■ YOUR OBJECTIVE: In the entries below, the lines from the one with "Rolling Stone: A" through the one with "Mitsubishi Eclipse Cross" are to be copied exactly; both ends count.

■ INFORMATION:

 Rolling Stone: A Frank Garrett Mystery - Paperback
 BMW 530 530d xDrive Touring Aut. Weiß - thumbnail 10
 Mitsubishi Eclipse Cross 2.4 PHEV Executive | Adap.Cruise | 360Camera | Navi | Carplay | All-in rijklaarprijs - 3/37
...
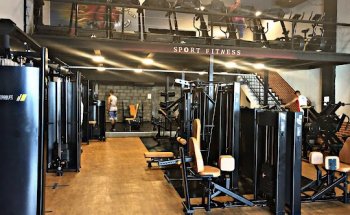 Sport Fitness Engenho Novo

■ OUTPUT:
 Rolling Stone: A Frank Garrett Mystery - Paperback
 BMW 530 530d xDrive Touring Aut. Weiß - thumbnail 10
 Mitsubishi Eclipse Cross 2.4 PHEV Executive | Adap.Cruise | 360Camera | Navi | Carplay | All-in rijklaarprijs - 3/37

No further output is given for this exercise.